Além dos setores de tecnologia e defesa, Albuquerque avalia que a Índia também representa uma importante porta de entrada para ampliar a presença da agricultura brasileira no mercado asiático, já que o país figura entre os maiores consumidores de alimentos do mundo. Embora possua forte produção agrícola, a demanda interna abre espaço para ampliar as exportações brasileiras.

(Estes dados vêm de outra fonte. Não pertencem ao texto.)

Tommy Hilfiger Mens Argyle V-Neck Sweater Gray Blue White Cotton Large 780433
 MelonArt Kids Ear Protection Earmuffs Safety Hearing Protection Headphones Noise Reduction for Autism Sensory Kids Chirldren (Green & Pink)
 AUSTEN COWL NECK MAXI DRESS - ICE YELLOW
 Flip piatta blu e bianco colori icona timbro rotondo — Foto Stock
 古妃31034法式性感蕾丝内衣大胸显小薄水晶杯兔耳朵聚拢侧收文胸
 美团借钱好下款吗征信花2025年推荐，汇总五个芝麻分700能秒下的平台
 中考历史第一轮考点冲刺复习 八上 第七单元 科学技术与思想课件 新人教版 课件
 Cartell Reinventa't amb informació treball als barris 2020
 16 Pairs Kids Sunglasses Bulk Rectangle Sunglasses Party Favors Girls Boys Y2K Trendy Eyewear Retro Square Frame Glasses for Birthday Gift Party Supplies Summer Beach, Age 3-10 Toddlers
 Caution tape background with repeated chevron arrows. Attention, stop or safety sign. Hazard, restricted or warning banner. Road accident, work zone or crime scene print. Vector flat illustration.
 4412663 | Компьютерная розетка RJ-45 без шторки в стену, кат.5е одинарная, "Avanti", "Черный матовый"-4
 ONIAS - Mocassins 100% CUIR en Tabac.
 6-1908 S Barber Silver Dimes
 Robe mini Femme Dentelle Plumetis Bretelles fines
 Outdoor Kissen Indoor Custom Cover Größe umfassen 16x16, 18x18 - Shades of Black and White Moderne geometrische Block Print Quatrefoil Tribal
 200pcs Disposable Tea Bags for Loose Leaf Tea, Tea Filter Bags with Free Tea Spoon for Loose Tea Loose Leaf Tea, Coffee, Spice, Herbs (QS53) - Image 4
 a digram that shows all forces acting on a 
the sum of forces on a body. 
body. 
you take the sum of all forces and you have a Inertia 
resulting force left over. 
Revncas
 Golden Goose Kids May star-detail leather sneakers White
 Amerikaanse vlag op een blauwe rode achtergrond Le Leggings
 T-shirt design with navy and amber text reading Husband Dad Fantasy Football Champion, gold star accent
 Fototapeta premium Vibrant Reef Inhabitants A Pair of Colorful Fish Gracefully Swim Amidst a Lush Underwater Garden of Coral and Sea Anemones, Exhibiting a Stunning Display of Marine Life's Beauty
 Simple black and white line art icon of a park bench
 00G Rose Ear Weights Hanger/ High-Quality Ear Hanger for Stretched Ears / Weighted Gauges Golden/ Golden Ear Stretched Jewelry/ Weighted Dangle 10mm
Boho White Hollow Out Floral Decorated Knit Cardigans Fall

Segundo a professora, as oportunidades vão além das commodities tradicionais. Um dos mercados com maior potencial é o de lácteos, já que grande parte da população hindu não consome carne bovina, mas mantém elevada demanda por leite e derivados. "Também existe um grande mercado de genética animal entre o Brasil e a Índia, principalmente de gado Nelore, que é uma raça proveniente da Índia e que se adaptou muito bem aqui no Brasil", complementa.
Albuquerque destaca ainda que uma presença mais robusta no mercado indiano pode facilitar o acesso brasileiro a outras economias asiáticas. Para isso, a Índia conta com corredores logísticos consolidados que conectam países como Nepal, Butão, Cazaquistão e Tajiquistão, localidades com as quais a relação comercial brasileira é praticamente nula. "Seria também uma possibilidade grande de o país utilizar a Índia como um hub para ampliar a sua presença no mercado asiático", pontua.

Índia é considerada a 'farmácia do mundo'

Com a produção de mais de 50% dos medicamentos genéricos consumidos globalmente, a Índia passou a ser conhecida como a "farmácia do mundo". Para isso, o Brasil teve um papel essencial, apoiando a flexibilização de patentes junto à Organização Mundial da Saúde (OMS), o que permitiu o desenvolvimento dessa indústria, pontua Albuquerque.
Para a especialista, a complementaridade entre os dois países no setor passa pelo compartilhamento de insumos e matérias-primas considerados estratégicos para reduzir a dependência de mercados concentrados.
"Um dos acordos que foi assinado nessa última visita do Lula à Índia foi exatamente na área farmacêutica. O Mercosul e a Índia possuem um acordo de facilitação de comércio e eles estão negociando para expandir esse acordo para um acordo de livre comércio. [...] Um dos pilares do acordo é exatamente a área farmacêutica", conclui.